Fixing keyboard and mouse lag in Xorg (crouton)
I've been using a Chromebook for development lately. On the side, I like to load up games and play using the linux installation I have loaded up via Crouton. Crouton is amazing and what we'll be using until native linux comes baked in, but it has some issues. There are a number of "targets" for displaying a desktop environment including xiwi and xorg. Here, I'll discuss those two targets and tell you how to fix performance in the latter.
The first target is xiwi. It essentially uses ChromeOS to manage the windows in whichever Desktop Environment you picked (e.g. XFCE). This allows some really neat tricks like launching an application inside a Chrome tab or separately without launching your full Desktop Environment. If I were just messing around in XFCE this would be my choice. Depending on how and the order in which you installed the crouton targets you might launch into XFCE just by typing:
1sudo startxfce4 -X xiwi
The major problem with xiwi is that there's no hardware acceleration. You can check that by installing mesa-utils
and running glxinfo or glxgears.
1sudo apt install mesa-utils
2glxinfo | grep vendor
You'll likely see VMWare as the Vendor which means we're emulating hardware acceleration. Just fine for watching videos but it's not going to cut it for most games. Running glxgears
will likely show some decent FPS though.
Up next is xorg. This is going to launch xfce again but this time we're not relying on ChromeOS for anything. The good news here is that hardware acceleration works! The bad news is that there are some performance problems and also that your Chromebook Graphics Card is probably terrible anyway. I can't help with the latter. But let's try to fix some of those performance issues.

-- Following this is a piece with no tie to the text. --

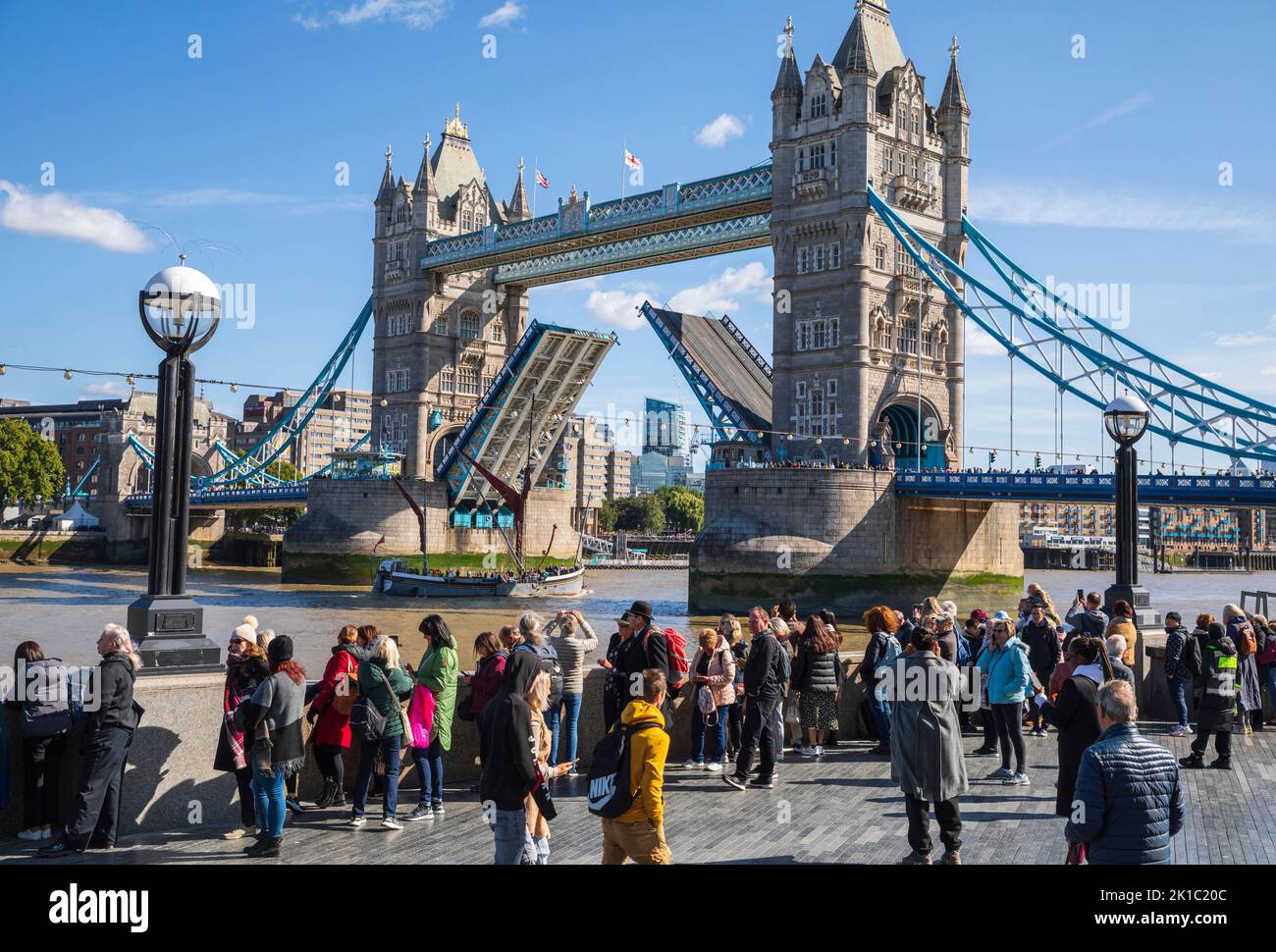 Londra, Regno Unito. 17th settembre 2022. Sailing Barge passerà attraverso Tower Bridge, Londra, Inghilterra, come membri della coda pubblica per assistere alla sdraiata della Regina Elisabetta II Credit: Stuart Robertson/Alamy Live News. Foto Stock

You might have a laggy mouse. To fix it temporarily, pop open the terminal and type:
1synclient FingerLow=1 FingerHigh=5
If that fixed your trackpad issue then you can make it permanent on boot by creating a file at /mnt/stateful_partition/crouton/chroots/xenial/etc/X11/Xsession.d/80synaptics
and entering the above info. The file would end up looking like:
# Touchpad sensibility (move)
synclient FingerLow=1
synclient FingerHigh=5
For the keyboard lag, we'll take a nod from the solution presented in this thread by Adam and copy over the Intel SNA driver.
1sudo cp /etc/crouton/xorg-intel-sna.conf /etc/X11/xorg.conf
Exit and re-enter your xorg xfce chroot and let's take a look at the same metrics. This time looking at glxinfo will show a Vendor string of Intel. And glxgears is going to match your screen refresh rate (probably 60fps). Congrats, you've now got hardware acceleration! You probably can't play anything too beefy but you'll have slightly better performance. If you're using Lutris, you might get dxvk enabled as well for an incremental gain.
Lastly, I should mention that I primarily use cli-extra to just work at the command line. I think this is the happy place for Crouton and where most people use it successfully. But regardless, I hope you find your chromebook useful!